### What to produce
When you write out the listing, keep every word as it stands and drop the pictures.

### The data
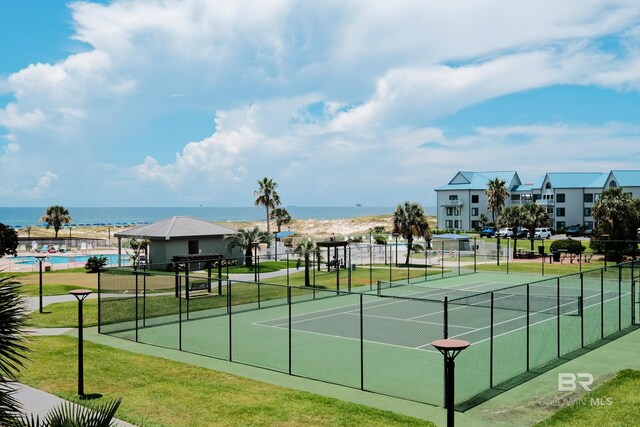 view of tennis court with a community pool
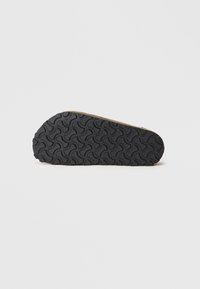 Sneakersohle mit einem schwarzen strukturierten Gummidesign, das ein wellenförmiges Muster aufweist. Das Profil ist verjüngt mit einem beigen Akzent nahe der Oberseite.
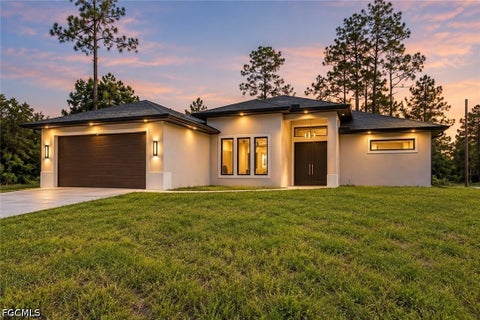 Photo of 3207 E 10th Street, Lehigh Acres, FL 33972 (MLS # 2026040383)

### Output for this task
 view of tennis court with a community pool
 Sneakersohle mit einem schwarzen strukturierten Gummidesign, das ein wellenförmiges Muster aufweist. Das Profil ist verjüngt mit einem beigen Akzent nahe der Oberseite.
 Photo of 3207 E 10th Street, Lehigh Acres, FL 33972 (MLS # 2026040383)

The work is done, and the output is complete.